Sermayenin politika üzerindeki etkisinin yanı sıra bir de onun tekelleşme temayülünü vurgulamak gerekiyor. Paul Sweezy isimli ekonomist, yazdığı ‘Tekelci Sermaye’ isimli kitabında sermayenin tekelleşme temayülüne sahip olduğunu ve dünya ekonomisinin giderek bir grup insanın elinde yoğunlaşacağını belirtiyor.

Sweezy’nin haklı olduğu günümüzde neredeyse kanıtlanmış durumda. BBC’nin haberine göre dünyada toplum servetin %82’si dünya nüfusunun sadece %1’lik kesiminin elinde. Türkiye’de ise toplam servetin %50’si nüfusun %20’lik kesiminin elinde bulunuyor. Durum böyleyken sermayenin tekelleşme eğiliminde olduğu görülüyor.

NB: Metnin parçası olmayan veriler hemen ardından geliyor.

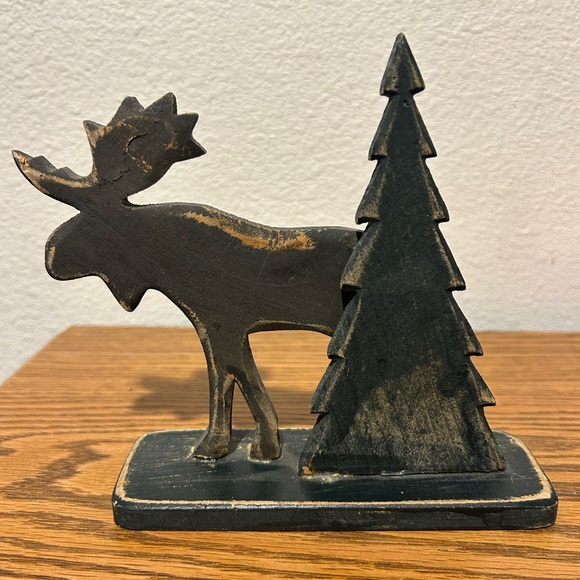 Rustic Black Moose and Tree Decor - Picture 2 of 9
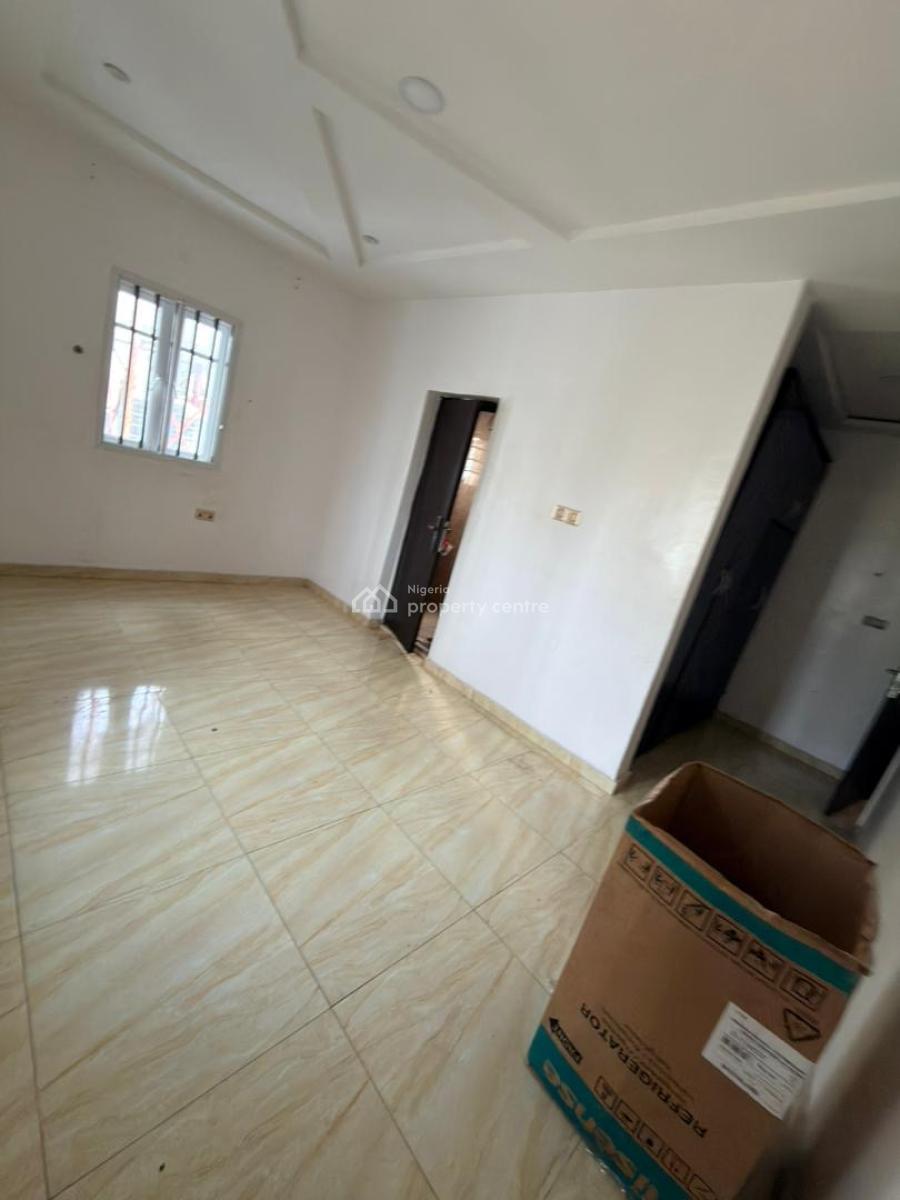 Self Contain, Ologolo, Lekki, Lagos, Self Contain (single Rooms) for Rent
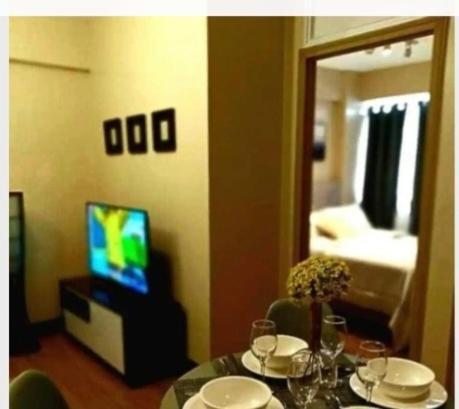 The Lancris Residences, 2 Bedrooms, 1 Bathroom, Living-Room, Kitchen & Pool Is Free Paranaque City Exterior foto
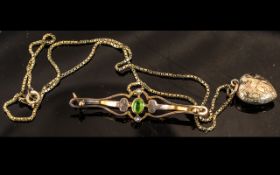 9ct Gold Heart on Chain, together with a 9ct gold bar brooch set with a green stone and seed pearls.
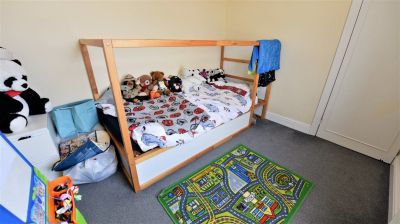 2 bedroom House in Hindle Place, Leeds - Photo 3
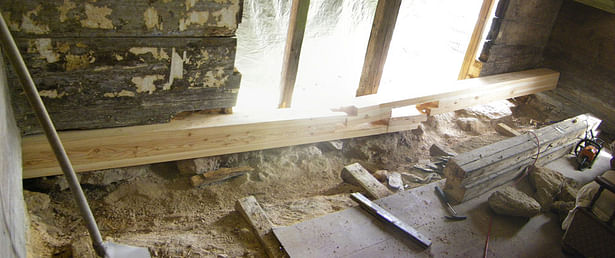 inserting and fitting the new massive 20x20cm thick larch ground sill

Teknolojinin ortaya çıkışı ise bu süreci hızlandırdı. İşte Yannis Varoufakis’in Tekno-Feodalizm olarak isimlendirdiği kapitalizmin yeni ve son evresi de böyle ortaya çıktı.

Teknolojinin yayılmasıyla birlikte dünya nüfusunun büyük çoğunluğu internete erişim sağladı. Özellikle telefon kullanımının artmasıyla birlikte her türlü alışveriş internet üzerinden sağlanabiliyor. Bu da teknoloji ve yazılım şirketlerinin büyük avantaj kazanmasıyla sonuçlandı.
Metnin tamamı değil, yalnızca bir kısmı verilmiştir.